### make monthly dataframe of mooring SITs and auxiliary data

In [1]:
from netCDF4 import Dataset
import numpy as np
import datetime
import matplotlib.pyplot as plt
import pandas as pd
from scipy.spatial.kdtree import KDTree
from pyproj import Proj, Transformer
from scipy.stats import linregress
import xarray as xr
import cartopy.crs as ccrs
import os
import glob
import scipy.io
import h5py
import cartopy
import tqdm
import warnings
warnings.filterwarnings("ignore")

  from scipy.spatial.kdtree import KDTree


In [2]:
def lonlat_to_xy(coords_1, coords_2, hemisphere, inverse=False):

    """Converts between longitude/latitude and EASE xy coordinates.
 
    Args:
        lon (float): WGS84 longitude
        lat (float): WGS84 latitude
        hemisphere (string): 'n' or 's'
        inverse (bool): if true, converts xy to lon/lat
 
    Returns:
        tuple: pair of xy or lon/lat values
    """

    EASE_Proj = {'n': 'EPSG:3408',
                 's': 'EPGS:3409'}
    
    WGS_Proj = 'EPSG:4326'
    
    for coords in [coords_1, coords_2]: assert isinstance(coords,(np.ndarray,list))
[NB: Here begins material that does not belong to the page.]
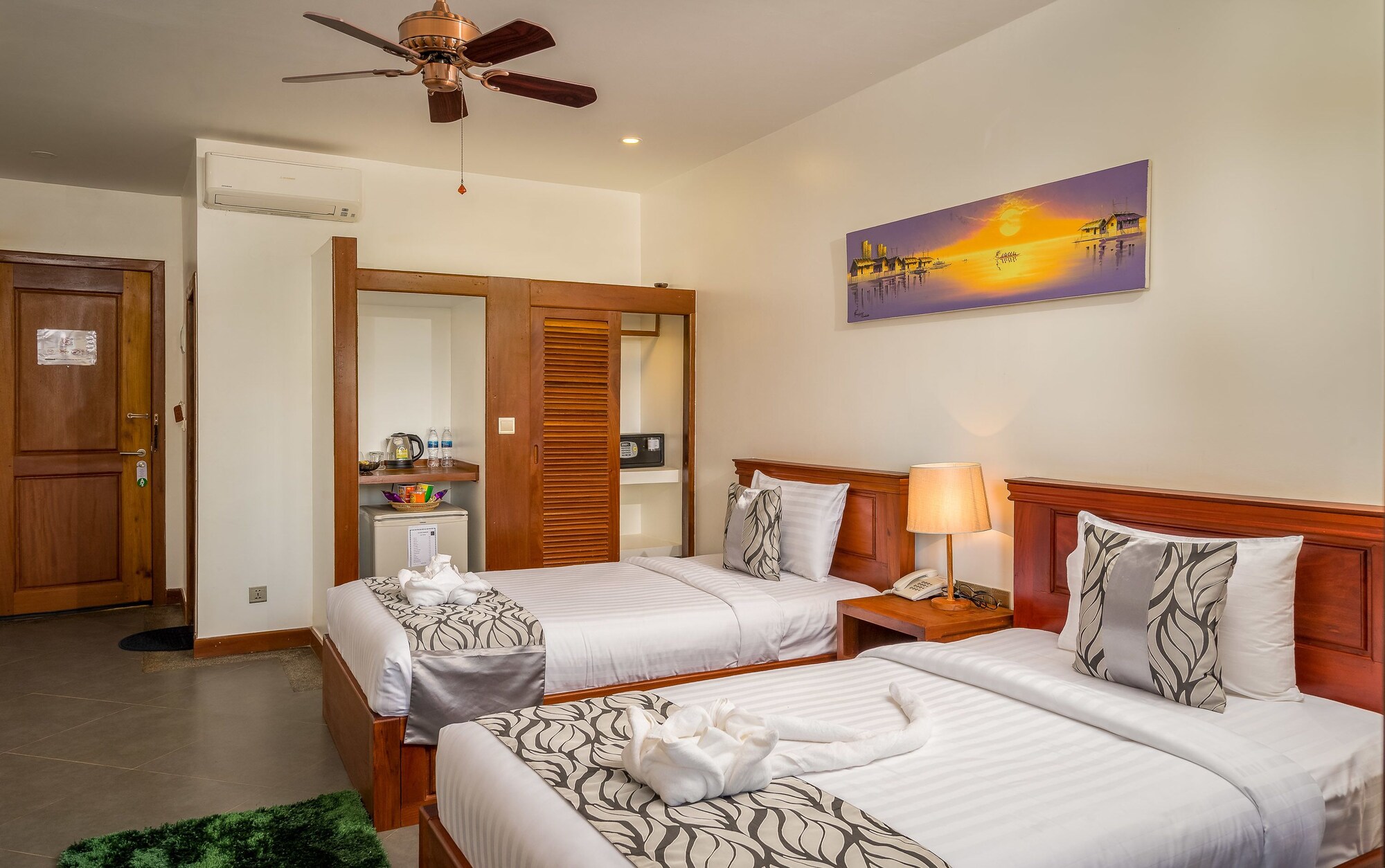 DELUXE, TWIN BEDS, POOL VIEW, BALCONY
    if inverse == False: # lonlat to xy
        
        lon, lat = coords_1, coords_2
        
        transformer = Transformer.from_crs(WGS_Proj, EASE_Proj[hemisphere])
        
        x, y = transformer.transform(lat, lon)
        
        return (x, y)

    else: # xy to lonlat
        
        x, y = coords_1, coords_2
        
        transformer = Transformer.from_crs(EASE_Proj[hemisphere], WGS_Proj)
        
        lat, lon = transformer.transform(x, y)
        
        return (lon, lat)

### load auxiliary daily data and combine into monthly dataframe

In [3]:
### daily icetype on EASE grid
datapath = '/Users/carmennab/Dropbox/alpha_retracker/data/'
icetype = Dataset(datapath+'auxiliary/icetype_01012010-30042021.nc')['Ice Type']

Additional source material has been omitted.